A cette fin, et contrairement au Trika qui explique toujours l’inférieur par le supérieur, le Krama qui insiste davantage sur la pratique suit une marche ascendante, c’est-à-dire va de l’énergie telle qu’elle se présente à nous, fragmentée dans l’espace et dans le temps, jusqu’à l’énergie transfigurée. Alors le temps maudit, hideux, sans changer de nom, va recouvrer son essence de mahakala, Temps suprême, indivis, ou celle de kali énergie divine qui engendre le temps mais qui également le pressure pour en extraire la moelle quand elle revêt la forme de kalasamkarsini.

Siva apparaît donc comme le danseur qui par les mouvements de son énergie ordonne les rythmes temporels et dispose les directions spatiales. Cette même énergie, qui ne fait qu’un avec lui, va permettre à l’homme attentif à ses rythmes de se fondre en Siva-mahakala et de parvenir enfin à l’ultime Kali.

Puisque le système Mahartha-Krama nous propose comme but la conquête de nos énergies prisonnières du temps, on comprend le rôle primordial qu’il attribue à la succession temporelle (krama). Lorsqu’on la connait bien, on peut la surmonter gràce au geste mystique qui appose au devenir le sceau de l’immuable, cette kramamudra auquel le système doit son nom.

Les moyens pour atteindre ce but se ramènent à deux : intensifier et magnifier l’énergie, en particulier à l’aide de l’union sexuelle, et s’exercer à une discrimination subtile associée à une analyse du discontinu afin d’éliminer notre conception de la durée et de prendre conscience que le vide nous est, à chaque instant, offert. Il suffit donc de transcender l’alternative (vikalpa) ou l’hésitation entre saisir et repousser qui use nos forces et engendre l’impression de durer en nous rivant au devenir. La purification des vikalpa qui facilite la convergence des forces bannit la confusion et le trouble au profit d’une évidence totale et définitive.

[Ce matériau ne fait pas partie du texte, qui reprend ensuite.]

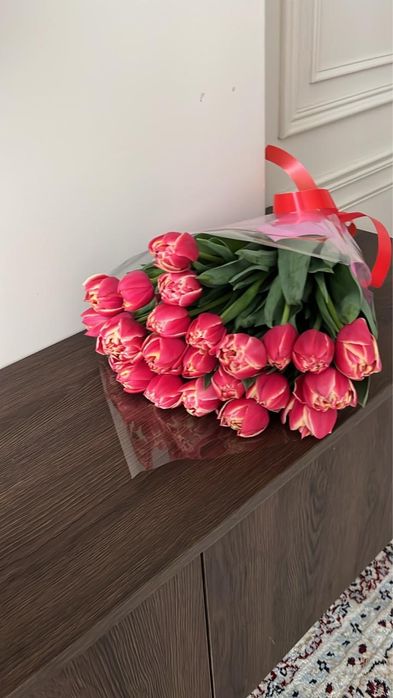 Тюльпаны оптом от производителя (голландские сорта)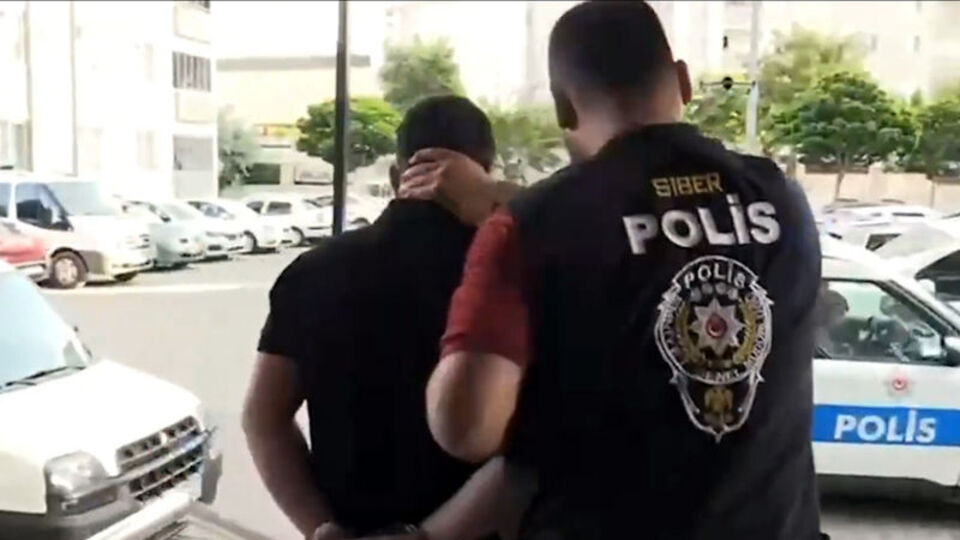 Siber suç vurgunu! 66 yakalama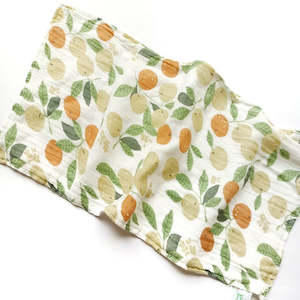 Clothing: Bamboo Baby Face Cloths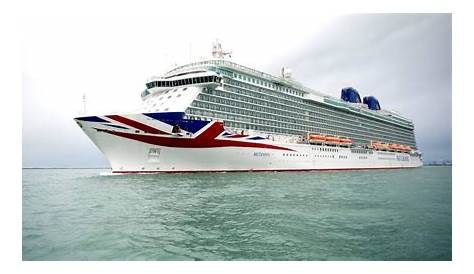 14 Night Caribbean Cruise on the Britannia - PB634 | Ozcruising.com.au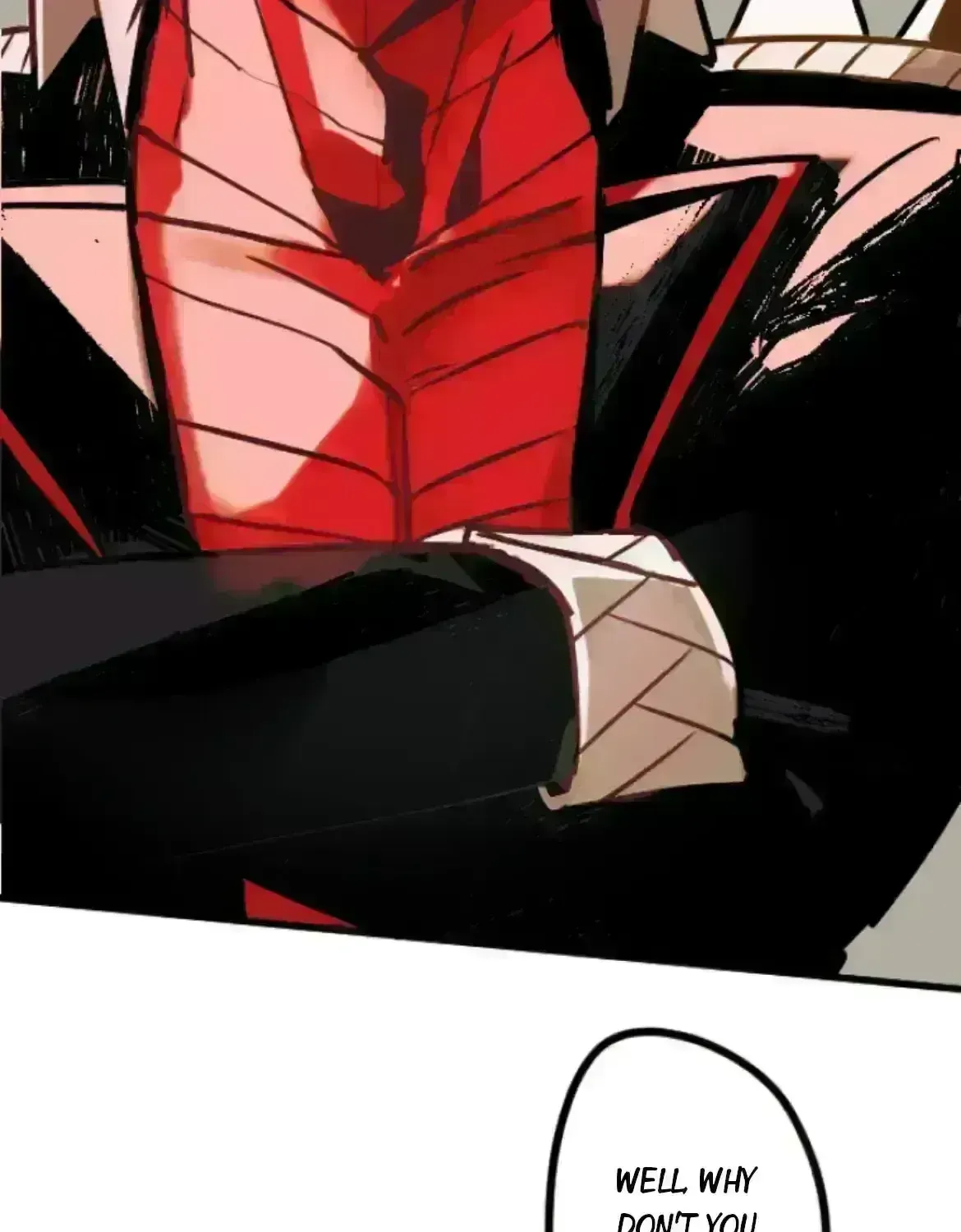Demon-Poison Frontline Chapter 3.5 page 95 - 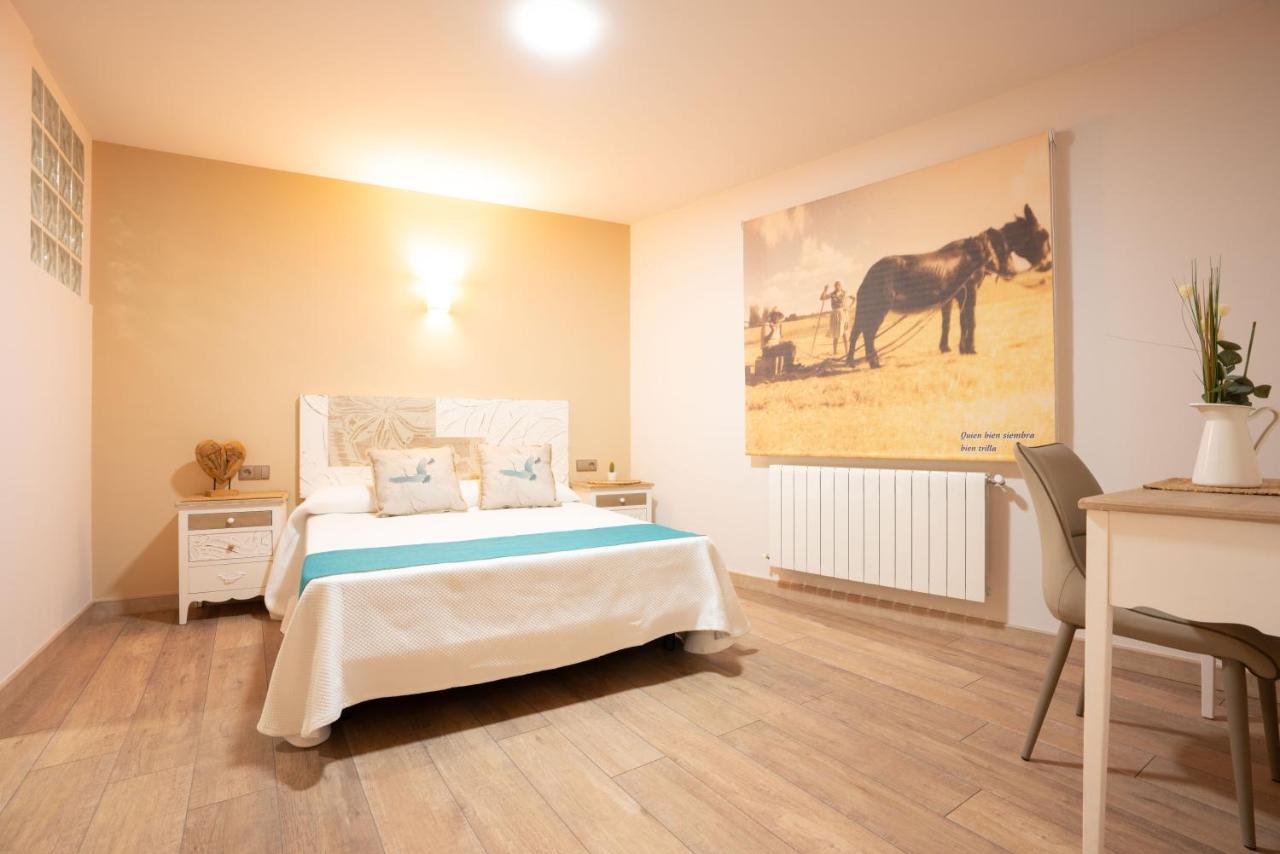 Casa Gabriela Hotel Jimenez de Jamuz Экстерьер фото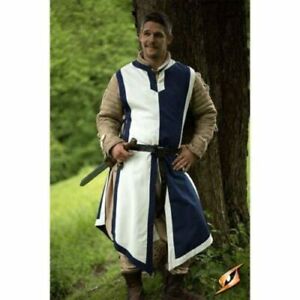Medieval Surcoat Tunic For Men LARP Costume Reenactment SCA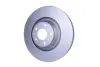 (High Carbon)Диск гальмівний перед. Audi A6, A6 Allroad 2.0-4.2 05.04-08.11 BHS (Behr Hella Service) 8DD355128311 (фото 2)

Un tel exercice relève donc de la voie de la connaissance qui implique une grande vigilance en vue du déploiement de l’énergie intensifiée et purifiée. Et cette vigilance tend au vide car les kali se présentent souvent sous forme d’énergies vacuitantes qui s’opposent aux habitudes invétérées du moi. Ceci nous conduit à une étude des puissances négatrices illustrées par le feu de la Conscience qui consume le multiple et livre accès à l’absolu quand se creuse le vide interstitiel entre deux modalités conscientes. Nous verrons que certaines des kali sont comparées à des flammes dévorantes, à un immense brasier ou à une flamme apaisée. Ces images sont d’autant plus précieuses que le feu disparaît sans laisser la moindre trace après avoir consumé son combustible, comme les kali dans l'ultime Kali. Entendons Vide également en un autre sens, car ce que l'on prétend détruire est dépourvu d’existence, ce ne sont que limites artificielles surajoutées à la Conscience et que celle-ci renferme. Qu’elle déferle sur ces limites, les engloutisse, il n’y aura plus que Conscience.

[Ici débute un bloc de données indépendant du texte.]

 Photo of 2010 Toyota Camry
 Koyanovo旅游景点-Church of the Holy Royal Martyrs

Si l'homme ordinaire se plait aux limites et à la multiplicité qu’il appréhende, le yogi ne voit, lui, que la Conscience et ses énergies. Illusoires sont les limites mais réelles les énergies divines. Ces énergies sont identiques à la divinité comme les énergies ignées, chaleur, luminosité et autres sont inséparables du feu, ou les rayons solaires du soleil. Nos puissances qui s’étalent en ondes vibrantes, irradiations de l'essence, lorsqu’elles sont toutes réunies et prises en leur indifférenciation originelle, constituent notre liberté. C’est par jeu que la libre énergie de Siva se diversifie en un univers infiniment varié et pourtant non-différent du support en lequel, simple reflet, il se manifeste.

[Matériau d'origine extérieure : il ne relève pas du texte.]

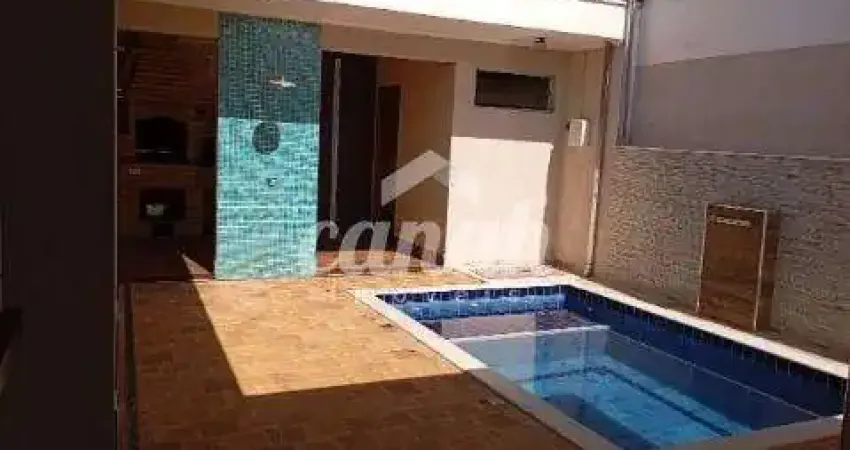 Casa campos elíseos- 2 dorm- 1 suíte- piscina com cascata- 181 m² construído.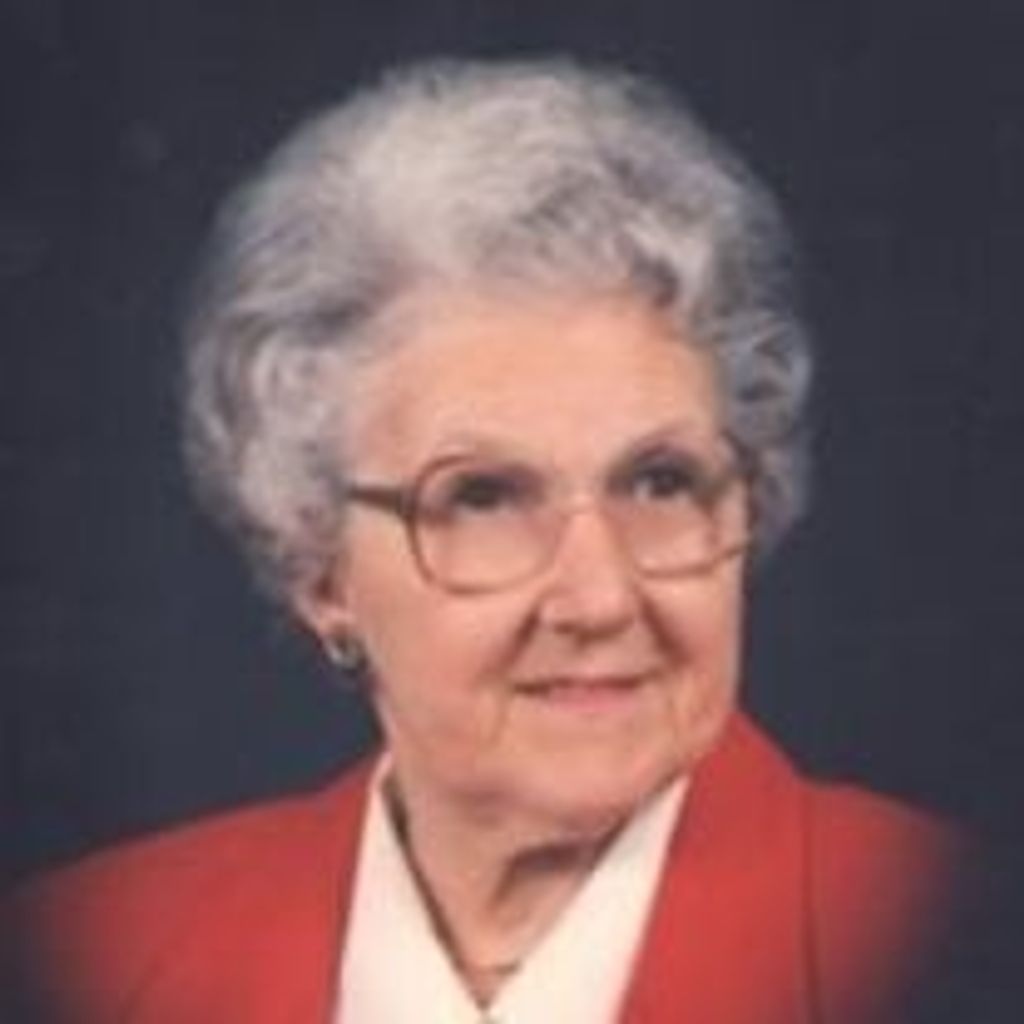 Mildred Elizabeth Hill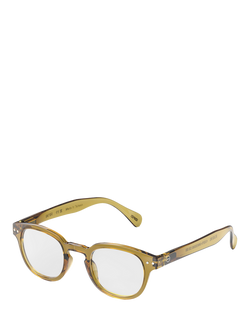 IZIPIZI Crystal Reading Glasses, Golden Green - view 2, Golden Green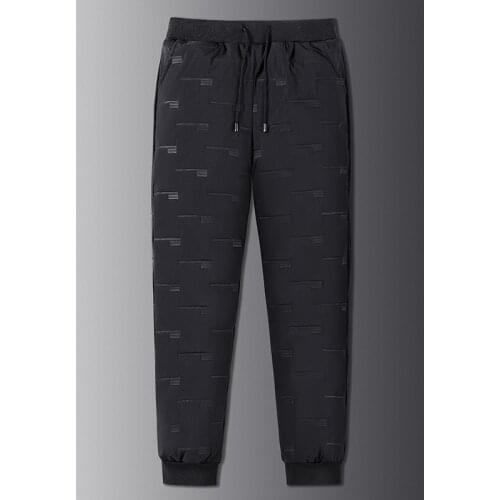 HAYBLST Men's Insulated Trousers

Un autre symbole éminemment dynamique caractérise le système Krama, celui de 1’ineffable Roue de la conscience (l'anakhyacakra). En elle se trouvent harmonieusement agencées les diverses roues des énergies, entre autres la roue à douze rayons ou douze kali ; leur ensemble permet de situer l’expérience humaine en sa totalité et de montrer que l'homme et l'univers ne font qu’un. Ainsi le système des kali a l'avantage de contenir à la fois théorie et pratique, flux et reflux de l'énergie, lien et délivrance, yoga avec ou sans effort, et de décrire les phases mystiques essentielles, de façon précise, chacune d’elles offrant une ouverture vers l'infini.